After upgrading to 2018.4 (also tried .5) many of our device-types
using base-uboot.jinja2 are broken.  While I really like the major
improvement to run commands individually, there seems to be some
problems and the LAVA output logs are very confusing, showing
concatenated strings, etc.

Here is an example for an upstream device-type (meson-gxbb-p200), and
here is where it starts interacting with u-boot:
http://khilman.ddns.net/scheduler/job/15#L336

This is a classic presentation of the receiving end not coping with the speed of the transfer of the characters - the device-type template can define:

{% set boot_character_delay = 10 %}

This adds the specified number of milliseconds between each character sent along the serial, for all strings sent by the boot action. It shouldn't make any noticeable difference to the speed of the test job but it should dramatically improve the ability of the receiving buffer to cope with automated text entry instead of keyboard entry.

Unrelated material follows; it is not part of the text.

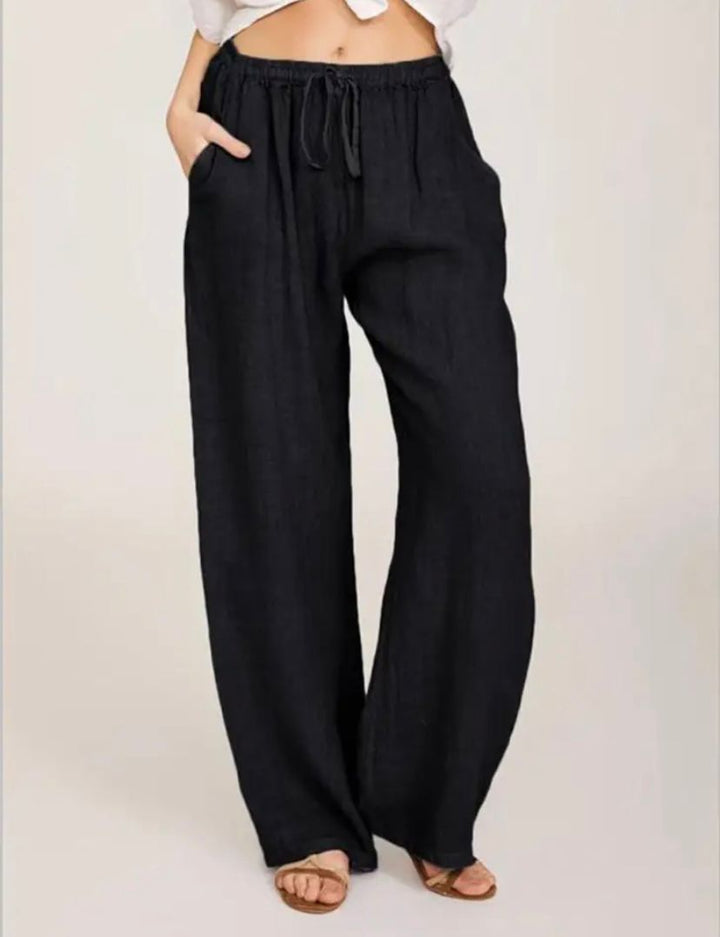 Linen Blend Wide Leg Pants for Women High Waisted Trousers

I suspect the older methods were just below some threshold in the DUT.

(There is also support for test_character_delay for similar reasons, should that be necessary.)
 


The "Parsed boot commands" look perfect, and all the commands in black
all look good, but notice the commands at the u-boot prompt, they
appear to be concatenated, starting right away at the "setenv
initrd_high ..."

However, observing the commands on the actual serial port (I use
conmux, so can observe the serial console interactions directly), I'm
not seeing concatenated strings, but the "setenv serverip ..." never
shows up, so the TFTP downloads fail, and the job fails.

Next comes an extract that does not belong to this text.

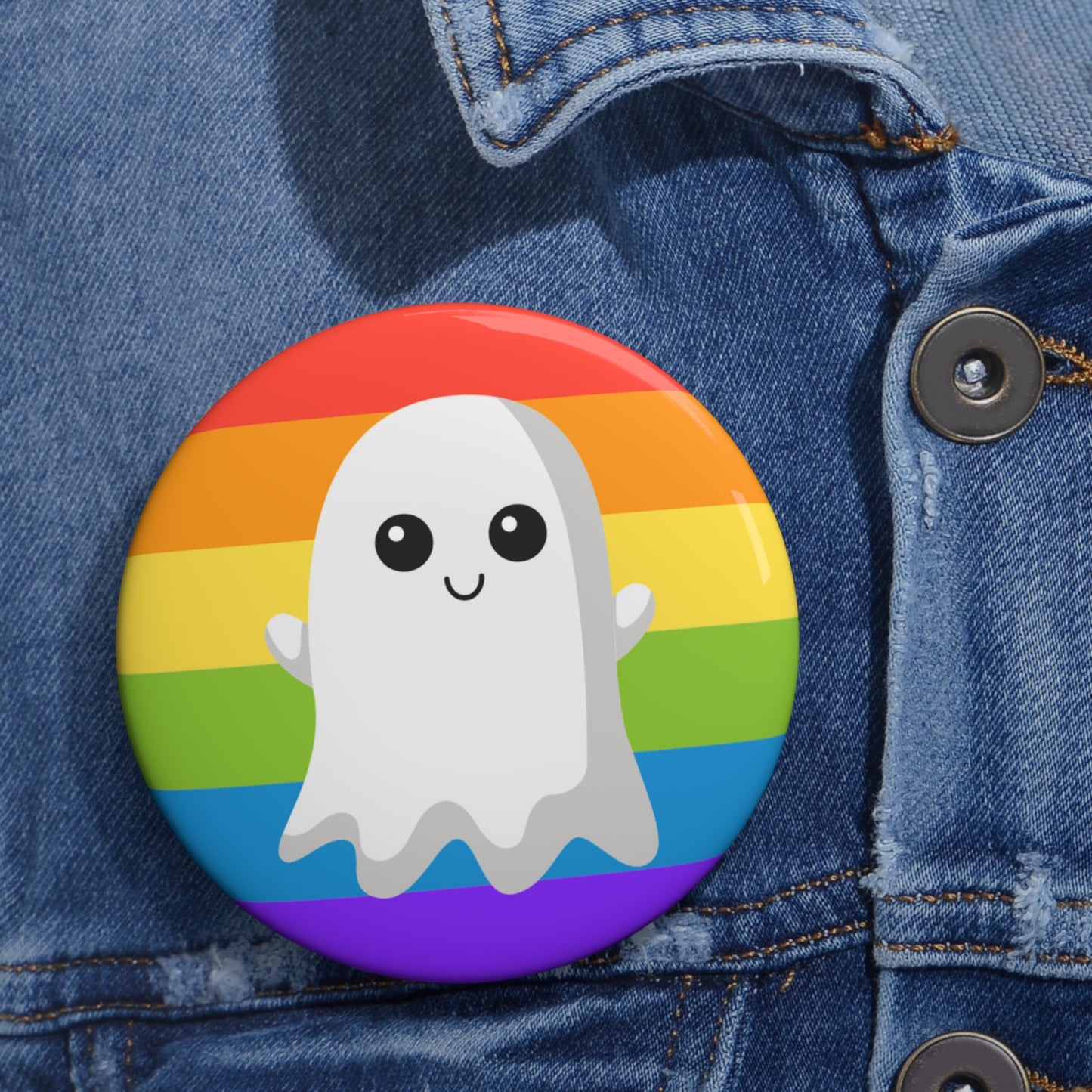 Pride Ghost Pin Buttons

Here's what I see directly on the serial console:

Hit Enter or space or Ctrl+C key to stop autoboot -- :  0
gxb_p200_v1#
gxb_p200_v1#setenv autoload no
gxb_p200_v1#setenv initrd_high 0xffffffff
gxb_p200_v1#setenv fdt_high 0xffffffff
gxb_p200_v1#dhcp
dwmac.c9410000 Waiting for PHY auto negotiation to complete.. done
Speed: 100, full duplex
BOOTP broadcast 1
BOOTP broadcast 2
DHCP client bound to address 192.168.0.216 (267 ms)
gxb_p200_v1#tftp 0x1080000 14/tftp-deploy-5v1wo7fv/kernel/uImage
Speed: 100, full duplex
Using dwmac.c9410000 device
TFTP from server 192.168.0.1; our IP address is 192.168.0.216
Filename '14/tftp-deploy-5v1wo7fv/kernel/uImage'.
Load address: 0x1080000
Loading: *
TFTP error: 'File not found' (1)

Even more interesting is that on the same setup, a beaglebone-black
device, using the same base-uboot.jinja2 is working just fine:
http://khilman.ddns.net/scheduler/job/1

That is also typical of character delay issues - very device-type specific.
 


Any help would be appreciated, I'm thoroughly confused by what's going on here.

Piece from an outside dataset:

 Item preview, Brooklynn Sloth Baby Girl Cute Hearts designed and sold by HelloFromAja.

It took quite some time to identify this originally too.

There is a mention in the docs but it's not indexed well and that will be improved as an action from your question. There are a number of examples of it in the other device type templates.

https://lava.codehelp.co.uk/static/docs/v2/device-integration.html#extend-the-template-unit-tests
https://lava.codehelp.co.uk/static/docs/v2/ipmi-pxe-deploy.html#serial-over-lan-input-issues (which is where this was first found)

--